For C-terminal antibodies specifically, comparing results with N-terminal targeting antibodies can provide confirmation of full-length protein detection.

What quality control measures should be implemented when using RPS15 antibodies for quantitative applications?

For quantitative applications with RPS15 antibodies:

• Standard curve generation: Use recombinant RPS15 protein to create a standard curve for quantification

• Batch consistency testing: Validate new antibody lots against previous ones for consistent performance

• Loading control normalization: Use appropriate loading controls (considering that traditional housekeeping genes may be affected in ribosome-related studies)

• Technical replicates: Run multiple technical replicates to assess assay variability

• Linear dynamic range determination: Establish the linear range of quantification for your specific experimental setup

• Inter-laboratory validation: When possible, confirm critical findings using the same antibody in different laboratory settings

• Regular positive control inclusion: Include characterized positive controls in each experiment

How are RPS15 antibodies being utilized in cancer research?

RPS15 antibodies are becoming increasingly important in cancer research:

• Diagnostic marker exploration: Investigating altered RPS15 expression in different cancer types

• Ribosomopathy studies: Examining ribosomal dysfunction in cancers with RPS15 mutations

• Therapy response monitoring: Tracking changes in ribosome composition during treatment

• Cancer stem cell characterization: Analyzing specialized ribosomes in cancer stem cells

• Immunotherapy research: Investigating ribosomal proteins as potential tumor-associated antigens

• Drug mechanism studies: Understanding how certain anticancer compounds affect ribosome biogenesis

Recent findings suggest RPS15 mutations in chronic lymphocytic leukemia may have prognostic significance, making detection with specific antibodies particularly valuable in hematological malignancy research.

What considerations are important when using RPS15 antibodies in single-cell techniques?
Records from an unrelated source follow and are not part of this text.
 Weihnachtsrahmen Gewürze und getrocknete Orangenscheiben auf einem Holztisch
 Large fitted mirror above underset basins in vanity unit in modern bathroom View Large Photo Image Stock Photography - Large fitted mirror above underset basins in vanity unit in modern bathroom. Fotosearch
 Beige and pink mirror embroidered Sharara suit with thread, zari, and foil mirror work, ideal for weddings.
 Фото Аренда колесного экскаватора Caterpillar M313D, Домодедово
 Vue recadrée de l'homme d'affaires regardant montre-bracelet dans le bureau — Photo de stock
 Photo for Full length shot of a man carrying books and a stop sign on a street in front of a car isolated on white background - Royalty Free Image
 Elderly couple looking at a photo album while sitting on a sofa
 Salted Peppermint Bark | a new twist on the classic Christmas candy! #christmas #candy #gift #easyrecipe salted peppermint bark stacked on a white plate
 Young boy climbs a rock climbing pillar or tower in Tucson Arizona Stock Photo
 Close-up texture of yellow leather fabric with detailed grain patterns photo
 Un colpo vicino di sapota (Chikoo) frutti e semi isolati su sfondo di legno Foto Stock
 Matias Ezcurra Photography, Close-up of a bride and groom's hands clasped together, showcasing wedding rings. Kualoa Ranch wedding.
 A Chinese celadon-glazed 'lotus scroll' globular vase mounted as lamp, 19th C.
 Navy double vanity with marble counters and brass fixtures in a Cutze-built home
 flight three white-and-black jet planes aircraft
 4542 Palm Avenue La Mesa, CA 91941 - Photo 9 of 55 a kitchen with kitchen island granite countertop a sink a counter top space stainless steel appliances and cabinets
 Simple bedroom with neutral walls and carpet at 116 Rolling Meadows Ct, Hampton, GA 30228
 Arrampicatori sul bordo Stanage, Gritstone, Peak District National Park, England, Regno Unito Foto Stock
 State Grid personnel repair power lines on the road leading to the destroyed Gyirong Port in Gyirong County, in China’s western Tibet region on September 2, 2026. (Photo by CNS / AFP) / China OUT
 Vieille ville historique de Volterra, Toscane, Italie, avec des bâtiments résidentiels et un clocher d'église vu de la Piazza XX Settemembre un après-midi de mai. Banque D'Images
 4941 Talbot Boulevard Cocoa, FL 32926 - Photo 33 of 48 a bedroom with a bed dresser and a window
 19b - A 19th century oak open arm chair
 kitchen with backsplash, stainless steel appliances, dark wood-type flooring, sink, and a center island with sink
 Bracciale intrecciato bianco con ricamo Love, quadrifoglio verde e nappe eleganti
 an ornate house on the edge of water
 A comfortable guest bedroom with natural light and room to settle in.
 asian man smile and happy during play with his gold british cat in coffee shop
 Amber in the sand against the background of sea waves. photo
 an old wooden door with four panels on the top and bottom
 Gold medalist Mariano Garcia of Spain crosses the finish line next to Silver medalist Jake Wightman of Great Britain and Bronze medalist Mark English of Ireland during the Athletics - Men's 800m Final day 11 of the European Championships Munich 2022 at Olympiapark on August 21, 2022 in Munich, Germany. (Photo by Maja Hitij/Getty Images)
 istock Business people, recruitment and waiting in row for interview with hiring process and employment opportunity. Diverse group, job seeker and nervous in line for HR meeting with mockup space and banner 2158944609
When incorporating RPS15 antibodies into single-cell analysis techniques:

• Signal amplification needs: Due to limited material, signal amplification strategies may be necessary

• Cell fixation optimization: Balance between antigen preservation and cellular permeabilization

• Multiplexing compatibility: Ensure compatibility with other antibodies in multiparameter analyses

• Validation at single-cell level: Specifically validate antibody performance in single-cell applications

• Background minimization: Implement rigorous controls to distinguish true signal from background

• Flow cytometry optimization: For intracellular flow cytometry, optimize fixation and permeabilization protocols specifically for RPS15 detection

• Imaging mass cytometry considerations: When applicable, validate metal-conjugated RPS15 antibodies

Single-cell techniques may require higher antibody concentrations than bulk applications to achieve detectable signal.